Donald Trump

Alameda Votes to Become ‘Sanctuary City' for Immigrants

Alameda has joined a growing list of “sanctuary cities” for undocumented immigrants, promising not to arrest people for their immigration status alone.

On Tuesday, the city council voted unanimously to join a list of many cities across the country bracing themselves for stepped up immigration enforcement under President Trump.

At least 30 people spoke out in favor of the resolution and the meeting lasted past midnight.

Vice Mayor Malia Vella said she wanted the vote to send a message that the city would protect civil liberties and civil rights. 

Vella's grandmother, who was imprisoned in a Japanese internment camp in Hawaii during World War II, sat in the audience at Tuesday night’s council meeting.

“It was emotional for me,” Vella said. "Knowing how it affected her and my family and my partner’s family and so many people in Alameda. We still have my grandmother’s identification cards."

Under Executive Order 9066, thousands of American citizens of Japanese descent were banned from their homes and interned in remote locations because the U.S. military suspected some were more loyal to imperial Japan than to their new country.

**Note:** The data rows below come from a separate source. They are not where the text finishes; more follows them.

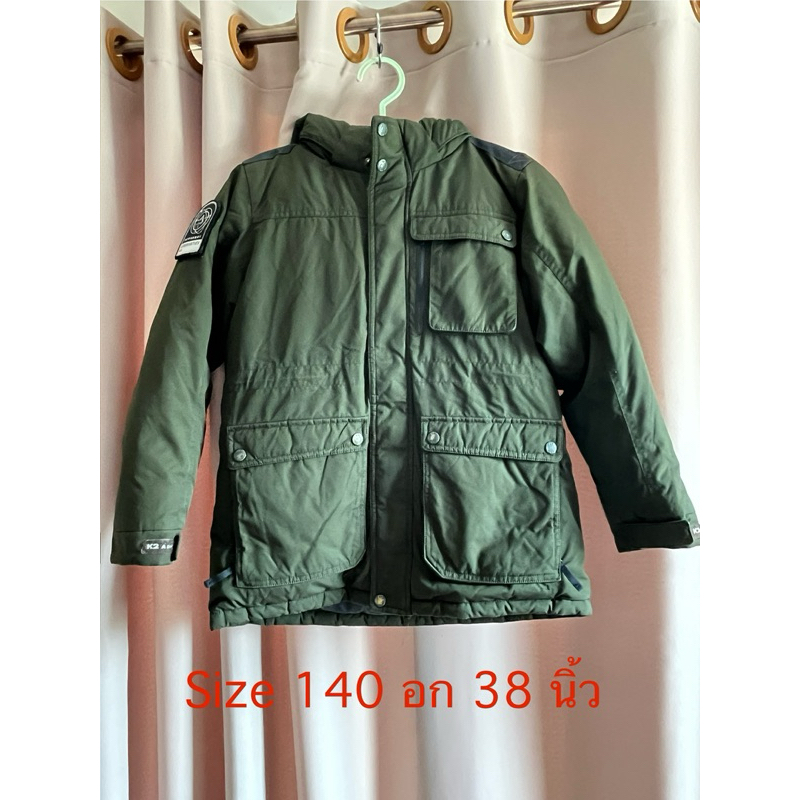 เสื้อโค้ตParkaเด็ก (มือสอง)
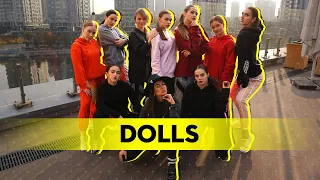 CHOREOGRAPHY / ANDRO - ЗАБЫВАЮ ОБЕЩАНИЯ /DOLLS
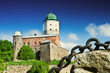 Old Swedish castle in Vyborg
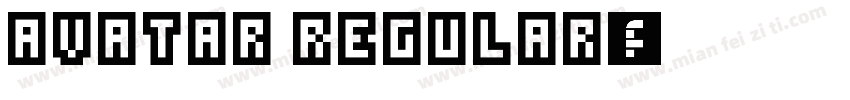 Avatar Regular字体转换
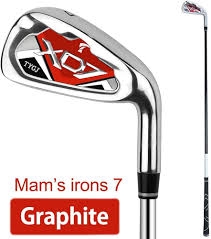 Hierro de Golf N.º 7 para Principiantes - Mano Derecha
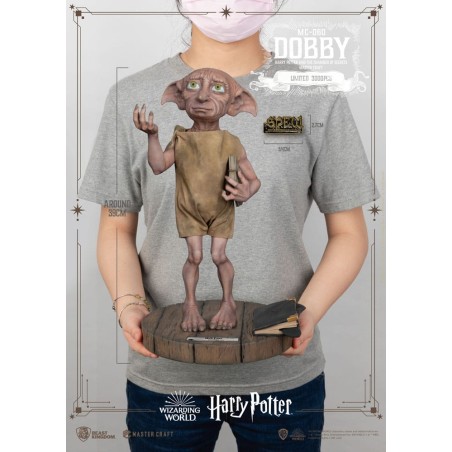 Harry Potter: Dobby Master Craft Statue 39 cm Harry Potter: Dobby Master Craft Statue 39 cm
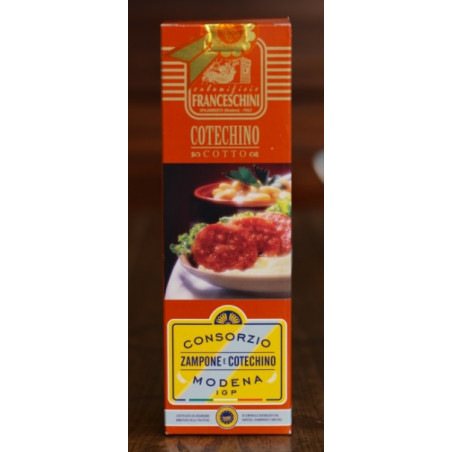 blister Cotechino precotto i.g.p. 500 gr - Franceschini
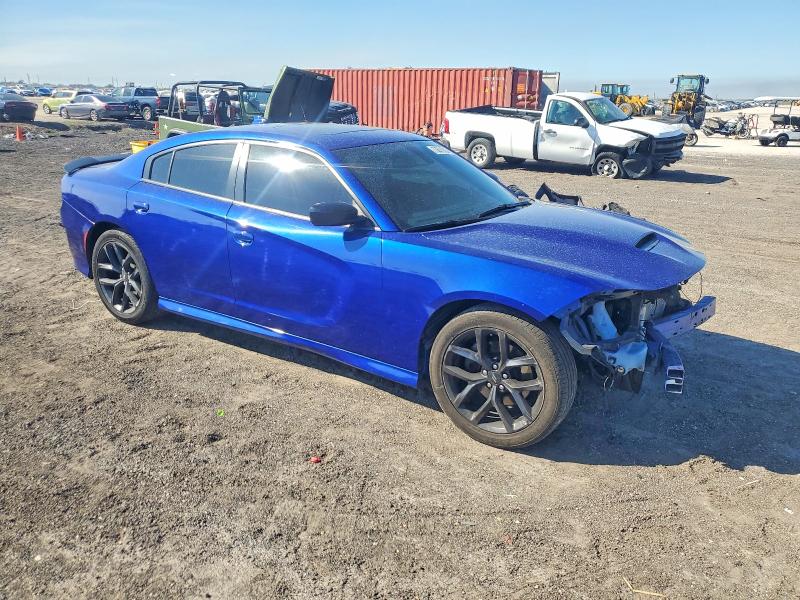 Photo 4 from auction – 2022 DODGE CHARGER with VIN 2C3CDXHG4NH153774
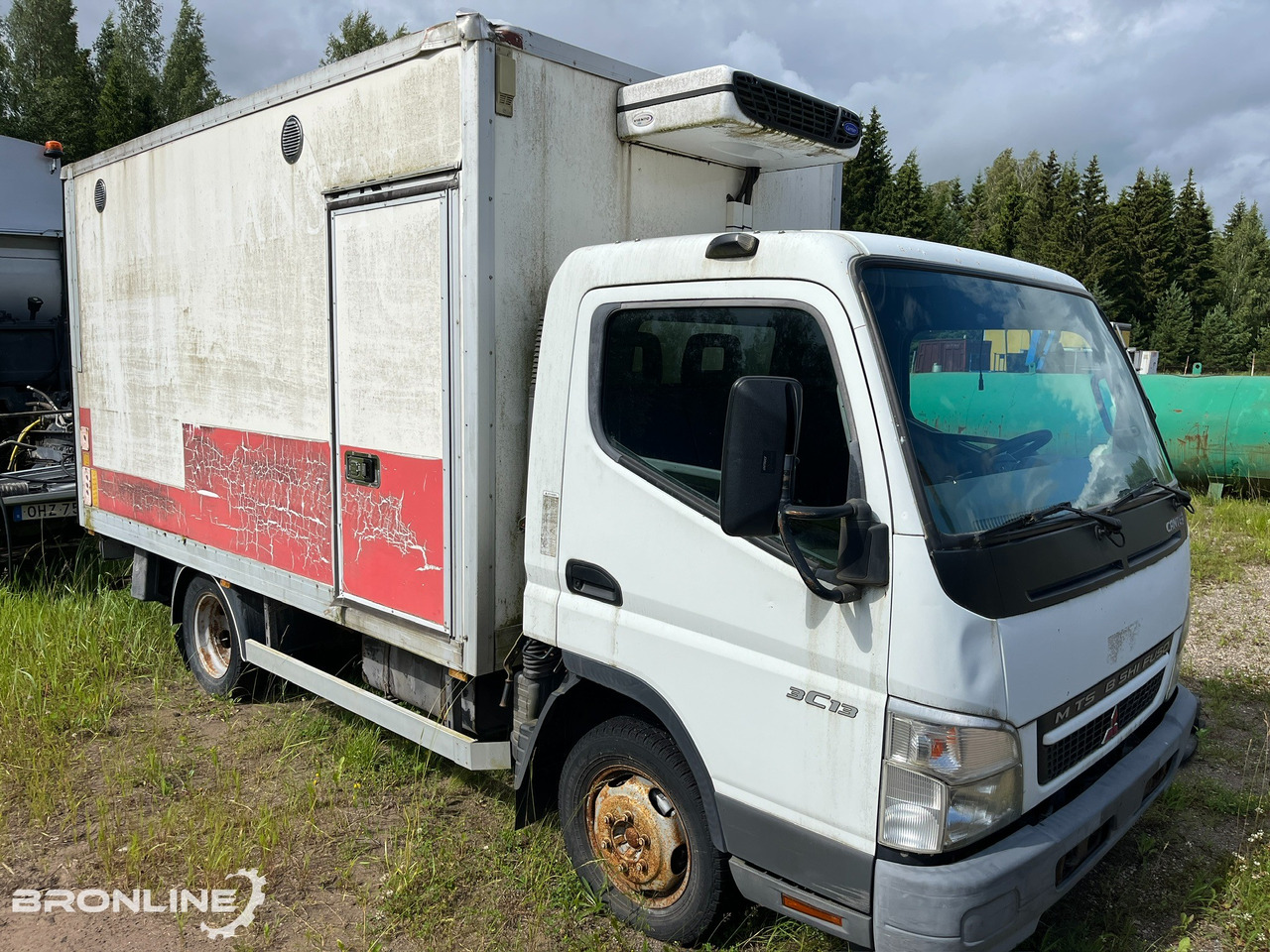 2007 Mitsubishi Fuso Canter 3c13 BOX - Рефрижератор камион: снимка 2 2007 Mitsubishi Fuso Canter 3c13 BOX - Рефрижератор камион: снимка 2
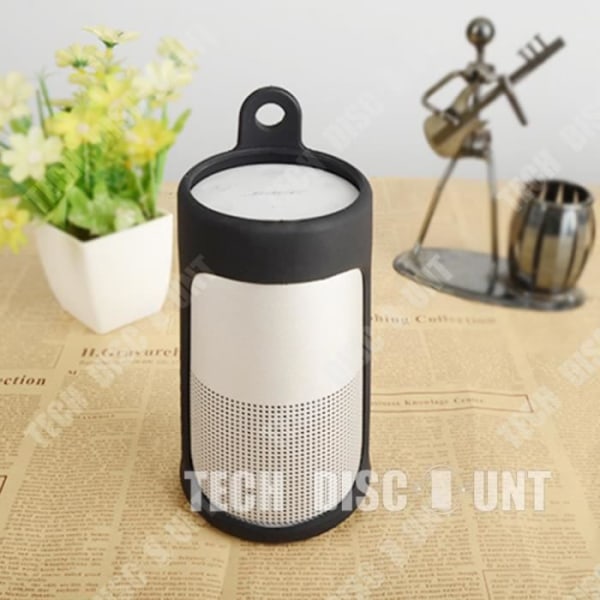 TD® Suojakotelo kaiuttimelle, iskunkestävä Bluetooth Dr. Bose Soundlink Revolve, kestävä laukku, pitää tehokkaasti.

"If there’s a request for a registry or internment or an executive order, we don’t want to be complicit in that. We took oaths to uphold the constitutional and that includes civil rights. The federal government is not infallible," Vella said. 

Vella wears a silver necklace with the number 9066 to represent the injustice of internment. The other side is stamped with the legal case number of Korematsu v. United States, in which Fred Korematsu, who was convicted for refusing to leave his home in San Leandro and move to an internment camp, appealed to the U.S. Supreme Court.

“I wear this reminder around my neck every day. Part of our job is to question whether we’re upholding civil liberties. We need to ask ourselves, ‘Are we administering the law justly?’” Vella said. “We don’t want blind compliance with whatever comes down the pipeline. We want it on the books. We want this to speak to people who feel unsafe, unprotected.”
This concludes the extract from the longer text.